▶ [Supplied information]:
--
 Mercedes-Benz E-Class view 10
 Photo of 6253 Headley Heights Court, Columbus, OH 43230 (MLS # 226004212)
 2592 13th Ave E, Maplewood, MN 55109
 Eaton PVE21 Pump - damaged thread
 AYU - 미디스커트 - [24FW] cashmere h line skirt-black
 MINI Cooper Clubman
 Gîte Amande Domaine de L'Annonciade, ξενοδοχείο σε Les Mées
--
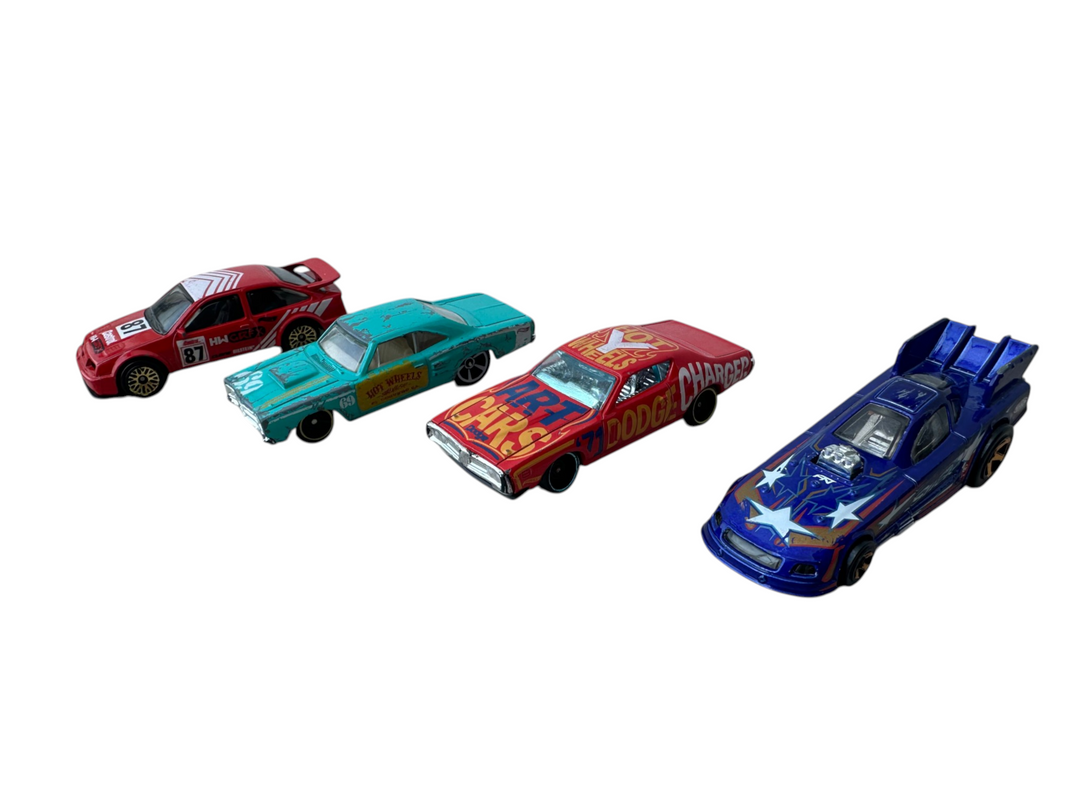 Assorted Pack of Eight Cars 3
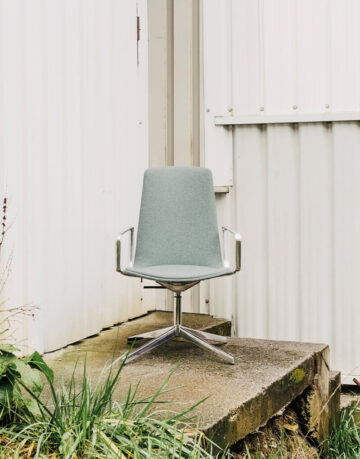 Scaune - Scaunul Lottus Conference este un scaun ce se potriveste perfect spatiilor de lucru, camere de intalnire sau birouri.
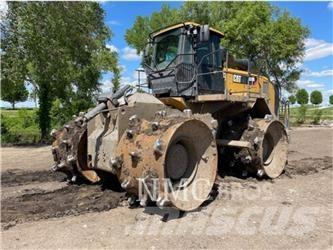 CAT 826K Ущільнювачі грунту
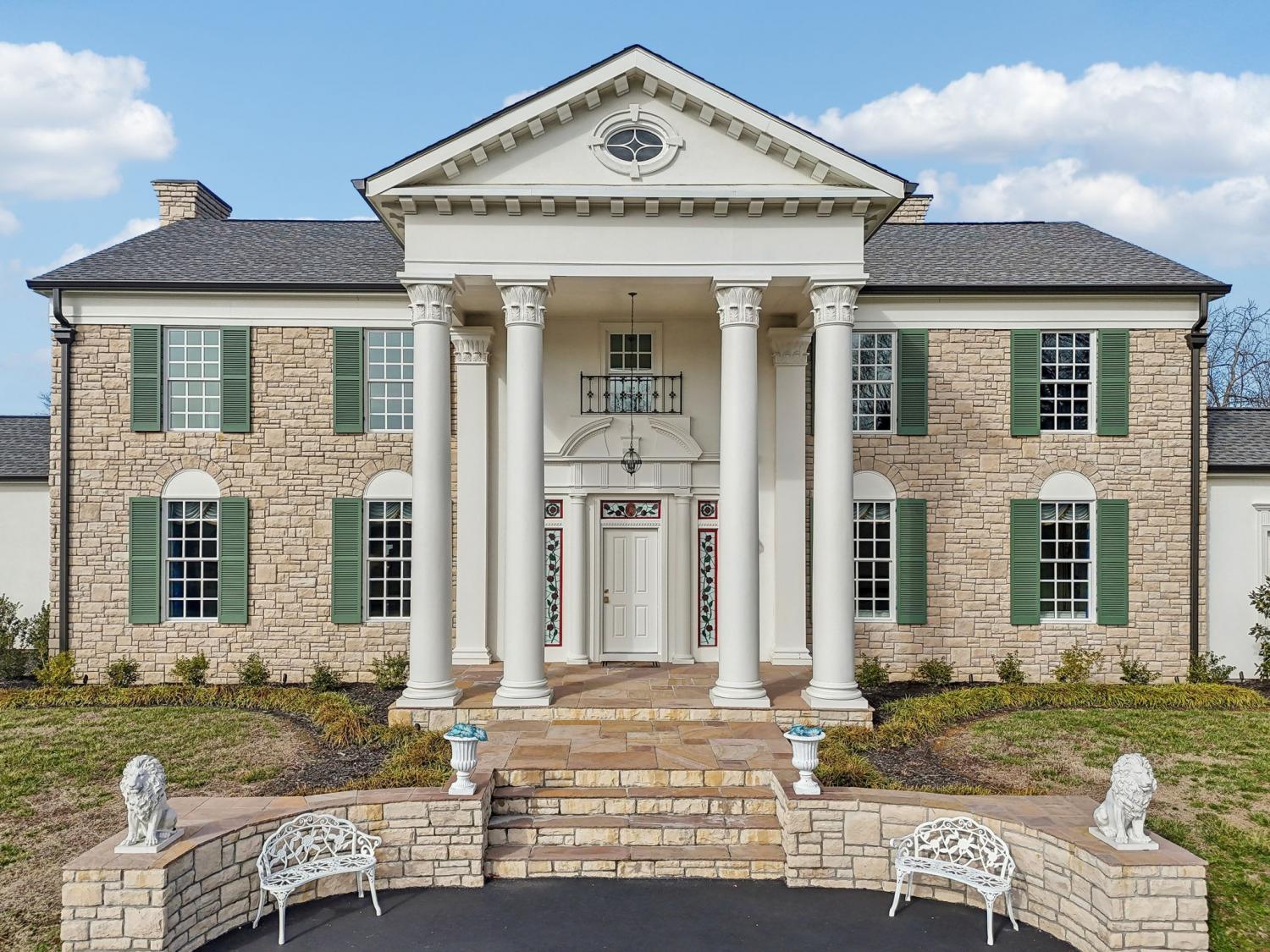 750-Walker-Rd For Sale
--
▶ [Task]:
Would you please write out, exactly and with no other lines, the stretch of the listing above from the line containing "Eaton PVE21 Pump - damaged thread" through the line containing "Gîte Amande Domaine"?

▶ [Reply to the exercise]:
 Eaton PVE21 Pump - damaged thread
 AYU - 미디스커트 - [24FW] cashmere h line skirt-black
 MINI Cooper Clubman
 Gîte Amande Domaine de L'Annonciade, ξενοδοχείο σε Les Mées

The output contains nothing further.